基本はブラストも交えつつ緩急付けたリズムに、メロウなトレモロリフや、やや粗くノイジー気味なリフを絡ませた典型的なブラックメタルのスタイルですが、泣きメロのギターソロ(パートによってはツインリードまである)を長めにフィーチャーしたり、チャーチオルガンとバンドサウンドの絡みがあったり、アルペジオがアトモスフェリックな空間を演出したり、展開にかなり工夫が見られ、衝動性よりも構築美やドラマ性を重視した仕上がりの音。

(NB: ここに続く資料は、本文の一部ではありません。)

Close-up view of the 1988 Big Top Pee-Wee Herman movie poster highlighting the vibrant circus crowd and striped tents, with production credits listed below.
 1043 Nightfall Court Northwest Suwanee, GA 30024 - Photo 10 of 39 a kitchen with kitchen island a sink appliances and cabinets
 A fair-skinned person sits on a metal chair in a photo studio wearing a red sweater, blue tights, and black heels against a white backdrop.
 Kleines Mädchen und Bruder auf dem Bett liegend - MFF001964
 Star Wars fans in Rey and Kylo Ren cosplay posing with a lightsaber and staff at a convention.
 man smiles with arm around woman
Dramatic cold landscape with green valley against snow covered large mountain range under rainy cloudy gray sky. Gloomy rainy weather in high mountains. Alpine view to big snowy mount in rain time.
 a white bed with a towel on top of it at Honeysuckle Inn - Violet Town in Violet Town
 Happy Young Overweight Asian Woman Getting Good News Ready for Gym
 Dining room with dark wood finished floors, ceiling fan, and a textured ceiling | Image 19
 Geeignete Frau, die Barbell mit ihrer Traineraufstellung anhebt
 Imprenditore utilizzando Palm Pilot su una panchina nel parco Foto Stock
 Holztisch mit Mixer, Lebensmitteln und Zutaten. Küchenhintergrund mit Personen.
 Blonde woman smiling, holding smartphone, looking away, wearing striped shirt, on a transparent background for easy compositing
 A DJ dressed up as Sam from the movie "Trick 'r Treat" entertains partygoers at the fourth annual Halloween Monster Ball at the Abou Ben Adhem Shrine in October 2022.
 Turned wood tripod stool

音圧、フレーズの聴き取りやすさなど、音質面でも申し分なしで、純粋にメタルとして非常にクオリティの高い音と言えるかと。何気に刻みを利用して厚みを出すパートもかっこよかったり。トレモロなどに見られるメロディの美しさはフランス産のバンドらしさを醸し出してますが、リフのザリザリした、氷の礫が吹き付けるような感触はジャーマンブラックに通じるものがあると思う。これらの要素が上手く絡み合って、メロブラの中でも「耳に残る」音になっているように思います。

メタルとしてのクオリティの高さ、構築美を重視した曲作りから、アングライズムやカルトな空気感は感じられませんが、純粋に質の高い暗黒音楽としてはかなりお勧めできる逸品。マニアックでないブラックもそれはそれで素晴らしいですよ。